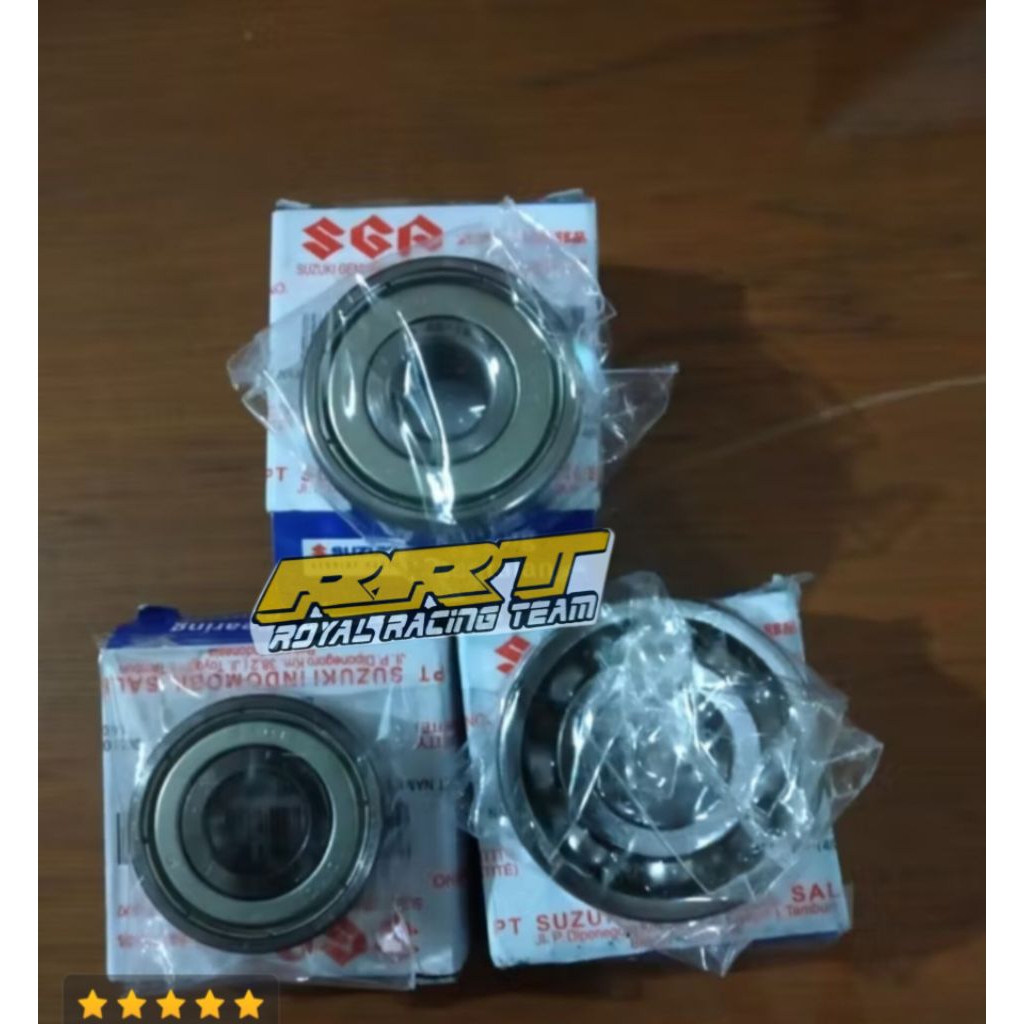 bearing bering klaher laher roda belakang 1 set suzuki smash shogun 110 shogun 125 r sp fl robot axe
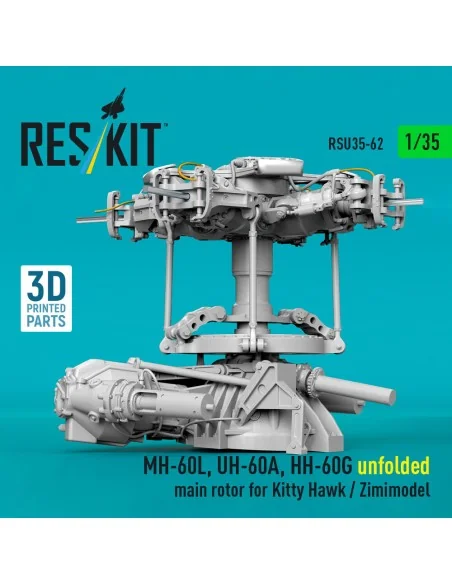 MH-60L, UH-60A, HH-60G unfolded main rotor for Kitty Hawk / Zimimod...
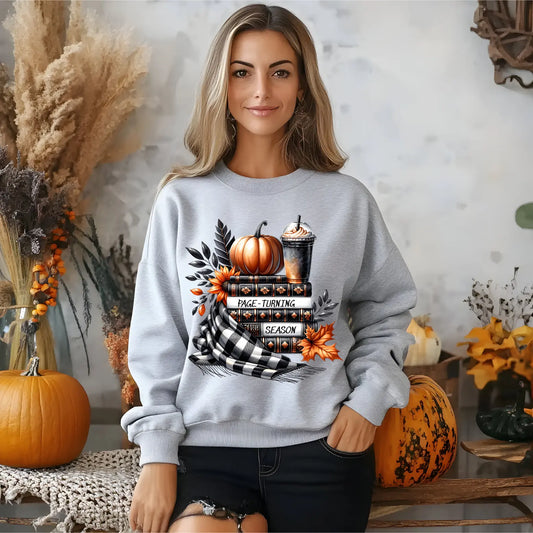 Page Turning Season Unisex Sweatshirt - TBRaring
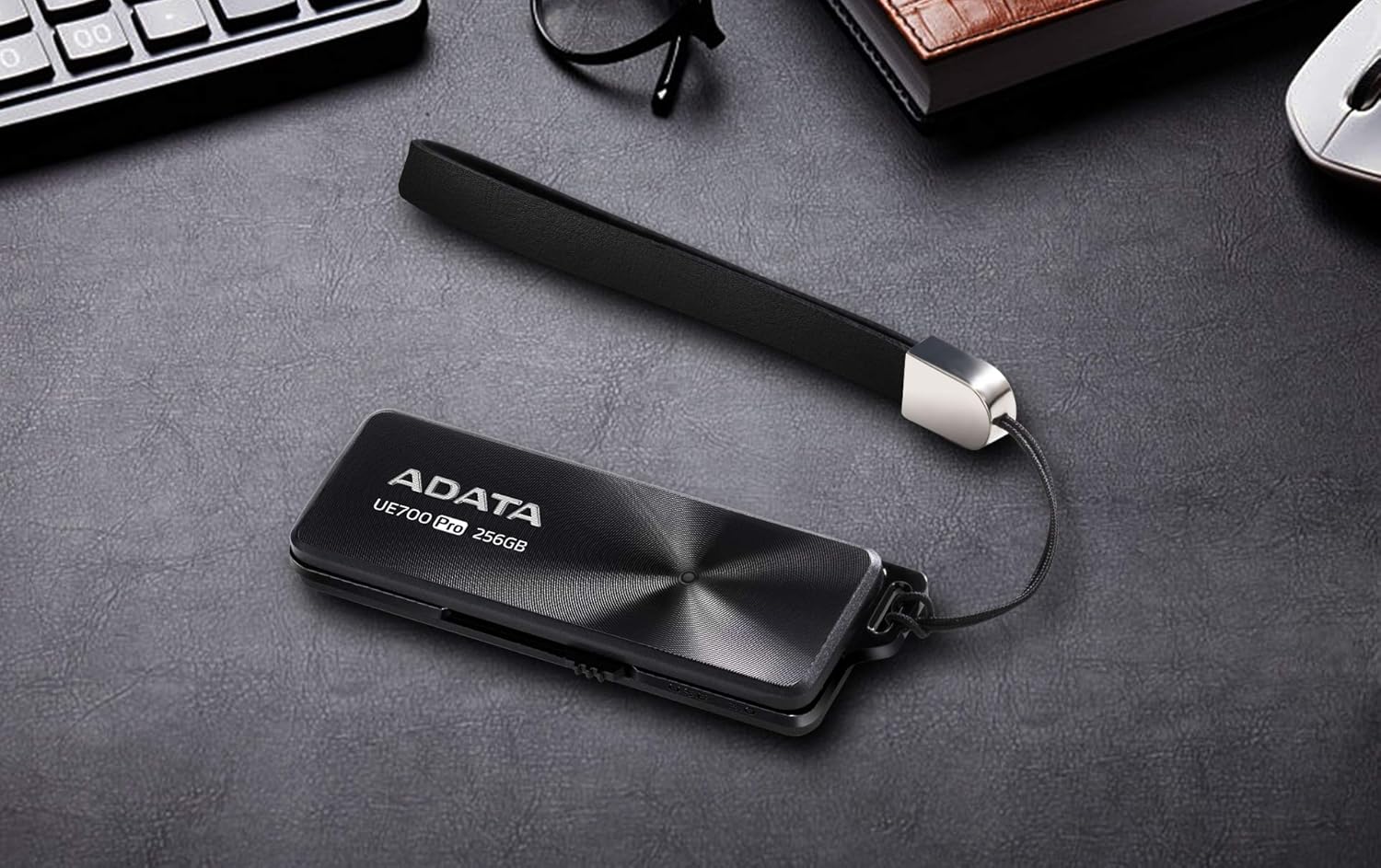ADATA UE700 Pro 256GB USB 3.2 Gen 1 SuperSpeed USB Flash Drive (AUE700PRO-256G-CBK)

Your objective:
Find the line containing "MH-60L, UH-60A, HH-60G" and copy it and each line after it through the end of the material, exactly, with no pictures.

Final answer:
 MH-60L, UH-60A, HH-60G unfolded main rotor for Kitty Hawk / Zimimod...
 Page Turning Season Unisex Sweatshirt - TBRaring
ADATA UE700 Pro 256GB USB 3.2 Gen 1 SuperSpeed USB Flash Drive (AUE700PRO-256G-CBK)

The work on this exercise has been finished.